3. The appellant Nos. 1 and 2 contested the above application and submitted a joint reply. The appellants took the plea that at the time of death of their daughter Sushma, Ashish was hardly 3 months old and there was no one to take care of Ashish and that respondent himself left his son with them. The appellants stated that after the death of Sushma, the respondent did not take care of his son Ashish and that he also performed his marriage with one Seema and out of this wedlock, one daughter was also born, The appellants further stated that Ashish and respondent are foreigners to each other and that it will not be in the well-being of Ashish to live with his father and step-mother, particularly when a daughter was also born and that respondent was busy with his newly married wife and daughter. The appellants stated that Ashish was very well taken care of by them and they have been imparting education to him. He is happy and getting great love and affection in the company of appellants.
4. On the basis of the pleadings of the parties, the learned Judge, Family Court framed following 4 issues:
(LANGUAGE)
5. The respondent examined 5 witnesses, whereas, the appellants examined 8 witnesses in support of their respective pleas. The learned Judge, Family Court decided all issues in favour of respondent and vide judgment dated 28.4.1993 allowed the application of the respondent and ordered the custody of Ashish to be given to his father, respondent. It is against this judgment that the present appellants have come up in appeal before this Court.

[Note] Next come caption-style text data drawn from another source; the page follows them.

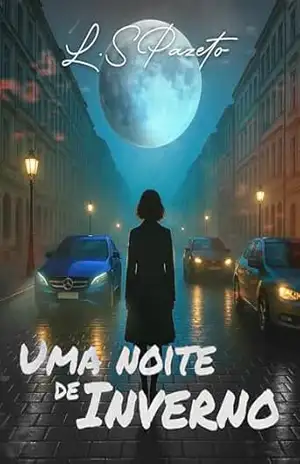 Uma Noite De Inverno: ( Estações Perigosas Para Mulheres 1 ) – L.S  Pazeto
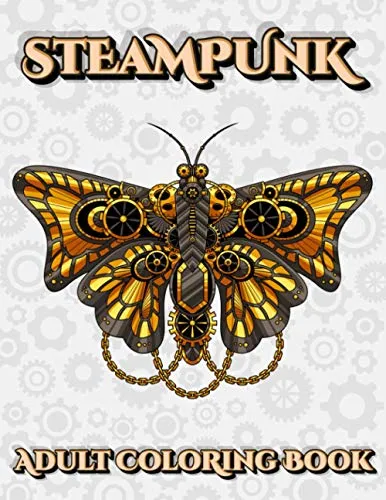 STEAMPUNK ADULT COLORING BOOK: Steampunk Colouring Book For Adults | Mechanical Animal Hearts Designs Skulls Gears Faces .. Vintage Steam Punk Coloring Pages (New 2020 - 2021) steampunk buy now online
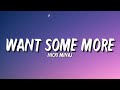 Nicki Minaj - Want Some More (Lyrics) "Want some more by Nicki Minaj" [Tiktok Song]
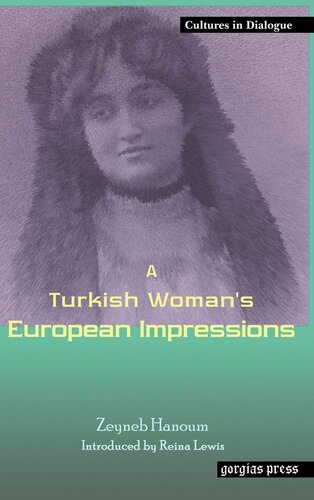 A Turkish Woman's European Impressions (Cultures in Dialogue)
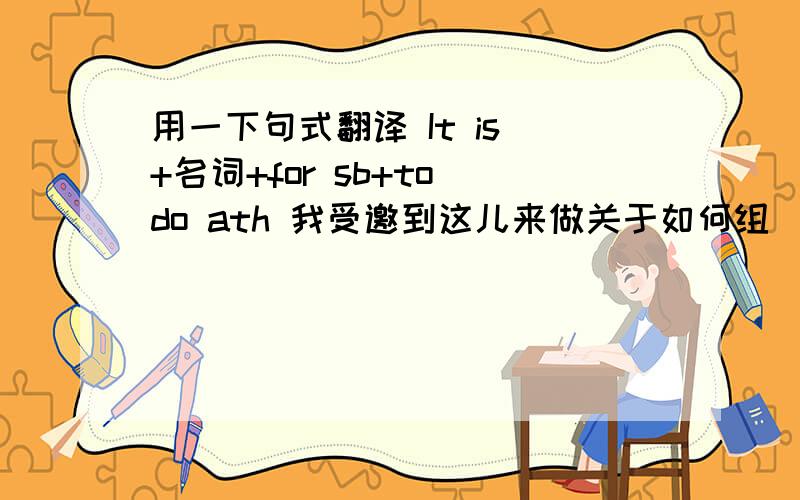 用一下句式翻译 It is +名词+for sb+to do ath 我受邀到这儿来做关于如何组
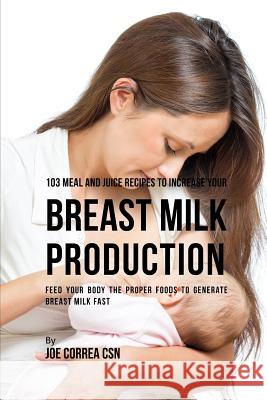 103 Meal and Juice Recipes to Increase Your Breast Milk Production: Feed Your Body the Proper Foods to Generate Breast Milk Fast Joe Corre 9781798015940 Independently Published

6. We have heard learned counsel appearing for the appellants and perused the impugned order and record of the case.
7. The uncontroverted facts are that respondent was married to Smt. Sushma Sharma (since deceased) and out of this wedlock two children were born. Ashish was born on 10.11.1987. His mother Smt. Sushma Sharma died of 12.3.1988 and thus, at the time of her death, Ashish was only 3 months old and since there was none to look-after him, the respondent himself left his son Ashish with the appellants. Some time in 1990, respondent performed his second marriage with Seema Sharma and out of this wedlock, one daughter was also born.

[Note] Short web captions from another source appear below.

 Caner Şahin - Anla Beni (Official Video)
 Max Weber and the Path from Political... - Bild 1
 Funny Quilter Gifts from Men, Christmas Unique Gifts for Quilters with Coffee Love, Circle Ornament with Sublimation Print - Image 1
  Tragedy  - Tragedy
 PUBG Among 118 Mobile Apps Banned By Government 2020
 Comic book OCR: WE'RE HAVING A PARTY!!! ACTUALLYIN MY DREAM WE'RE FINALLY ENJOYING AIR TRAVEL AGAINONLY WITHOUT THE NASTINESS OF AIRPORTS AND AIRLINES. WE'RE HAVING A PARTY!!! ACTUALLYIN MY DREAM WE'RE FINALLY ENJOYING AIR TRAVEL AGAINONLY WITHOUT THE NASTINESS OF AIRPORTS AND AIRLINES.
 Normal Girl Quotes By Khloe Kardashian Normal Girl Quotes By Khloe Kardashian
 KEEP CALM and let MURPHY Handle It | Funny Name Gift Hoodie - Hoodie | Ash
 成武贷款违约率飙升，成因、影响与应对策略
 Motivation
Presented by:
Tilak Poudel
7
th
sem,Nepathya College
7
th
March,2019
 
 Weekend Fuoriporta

8. From the above facts it is evident that right from March 1988, Ashish, son of respondent, has been living with the appellants family and is being looked after by his maternal grandmother and maternal grand- father. The respondent, father of Ashish, moved an application under Section 25 read with Sections 10 and 12 of Guardian and Wards Act before the Family Court for the custody of his son and the learned Judge, Family Court ordered for granting custody of Ashish to his father for the reasons enumerated in the earlier part this judgment.
9. On a perusal of evidence and material on record it is crystal clear that the date of birth of Ashish is 10.11.1987 and thus, by now he is about 14 years of age. He has been living with the appellants family since breast-fed and presently he is prosecuting his studies and is being properly taken care of.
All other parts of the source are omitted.